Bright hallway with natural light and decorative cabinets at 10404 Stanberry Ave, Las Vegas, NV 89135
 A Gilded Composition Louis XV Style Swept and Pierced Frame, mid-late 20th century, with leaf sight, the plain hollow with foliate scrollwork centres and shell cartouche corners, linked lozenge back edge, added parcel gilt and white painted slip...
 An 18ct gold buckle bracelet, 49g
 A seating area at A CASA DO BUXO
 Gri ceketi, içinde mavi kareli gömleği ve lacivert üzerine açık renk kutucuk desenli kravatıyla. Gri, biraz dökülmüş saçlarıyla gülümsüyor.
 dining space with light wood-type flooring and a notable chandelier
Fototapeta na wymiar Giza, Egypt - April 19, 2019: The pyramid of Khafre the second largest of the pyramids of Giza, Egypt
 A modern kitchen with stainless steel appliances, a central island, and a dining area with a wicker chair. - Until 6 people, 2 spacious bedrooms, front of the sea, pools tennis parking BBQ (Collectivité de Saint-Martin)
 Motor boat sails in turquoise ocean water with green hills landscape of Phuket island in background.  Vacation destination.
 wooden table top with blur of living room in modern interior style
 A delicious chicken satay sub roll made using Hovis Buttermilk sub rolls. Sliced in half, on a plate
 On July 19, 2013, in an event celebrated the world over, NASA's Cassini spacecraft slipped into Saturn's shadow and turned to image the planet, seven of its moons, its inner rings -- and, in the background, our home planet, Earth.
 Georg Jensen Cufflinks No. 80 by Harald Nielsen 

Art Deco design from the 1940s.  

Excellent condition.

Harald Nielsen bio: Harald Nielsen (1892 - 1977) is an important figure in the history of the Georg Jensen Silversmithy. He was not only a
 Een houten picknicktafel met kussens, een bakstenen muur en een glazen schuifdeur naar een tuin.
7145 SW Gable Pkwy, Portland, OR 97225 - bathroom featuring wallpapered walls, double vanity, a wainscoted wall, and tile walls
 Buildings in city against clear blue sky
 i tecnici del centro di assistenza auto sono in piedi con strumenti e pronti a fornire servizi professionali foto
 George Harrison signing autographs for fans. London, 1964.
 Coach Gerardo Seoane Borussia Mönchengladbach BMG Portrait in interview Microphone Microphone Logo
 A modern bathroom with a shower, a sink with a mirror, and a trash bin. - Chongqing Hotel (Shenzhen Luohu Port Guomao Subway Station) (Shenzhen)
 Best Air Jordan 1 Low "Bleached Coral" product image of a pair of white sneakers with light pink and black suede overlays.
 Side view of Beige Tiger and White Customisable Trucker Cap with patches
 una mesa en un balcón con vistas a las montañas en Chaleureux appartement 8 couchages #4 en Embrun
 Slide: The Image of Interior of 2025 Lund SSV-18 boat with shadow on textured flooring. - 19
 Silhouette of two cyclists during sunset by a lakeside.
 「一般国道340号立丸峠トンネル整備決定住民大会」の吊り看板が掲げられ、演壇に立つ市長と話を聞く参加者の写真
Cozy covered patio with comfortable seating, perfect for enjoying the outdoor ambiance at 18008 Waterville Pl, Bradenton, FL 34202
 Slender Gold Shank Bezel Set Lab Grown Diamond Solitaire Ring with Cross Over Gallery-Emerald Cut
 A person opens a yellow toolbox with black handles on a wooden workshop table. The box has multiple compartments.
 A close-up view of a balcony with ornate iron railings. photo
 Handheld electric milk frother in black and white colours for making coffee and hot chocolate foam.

- _What is needed_: Only the lines from the one with "i tecnici del" through the end of the data should be printed, each exactly as it appears.

- _Result_:
 i tecnici del centro di assistenza auto sono in piedi con strumenti e pronti a fornire servizi professionali foto
 George Harrison signing autographs for fans. London, 1964.
 Coach Gerardo Seoane Borussia Mönchengladbach BMG Portrait in interview Microphone Microphone Logo
 A modern bathroom with a shower, a sink with a mirror, and a trash bin. - Chongqing Hotel (Shenzhen Luohu Port Guomao Subway Station) (Shenzhen)
 Best Air Jordan 1 Low "Bleached Coral" product image of a pair of white sneakers with light pink and black suede overlays.
 Side view of Beige Tiger and White Customisable Trucker Cap with patches
 una mesa en un balcón con vistas a las montañas en Chaleureux appartement 8 couchages #4 en Embrun
 Slide: The Image of Interior of 2025 Lund SSV-18 boat with shadow on textured flooring. - 19
 Silhouette of two cyclists during sunset by a lakeside.
 「一般国道340号立丸峠トンネル整備決定住民大会」の吊り看板が掲げられ、演壇に立つ市長と話を聞く参加者の写真
Cozy covered patio with comfortable seating, perfect for enjoying the outdoor ambiance at 18008 Waterville Pl, Bradenton, FL 34202
 Slender Gold Shank Bezel Set Lab Grown Diamond Solitaire Ring with Cross Over Gallery-Emerald Cut
 A person opens a yellow toolbox with black handles on a wooden workshop table. The box has multiple compartments.
 A close-up view of a balcony with ornate iron railings. photo
 Handheld electric milk frother in black and white colours for making coffee and hot chocolate foam.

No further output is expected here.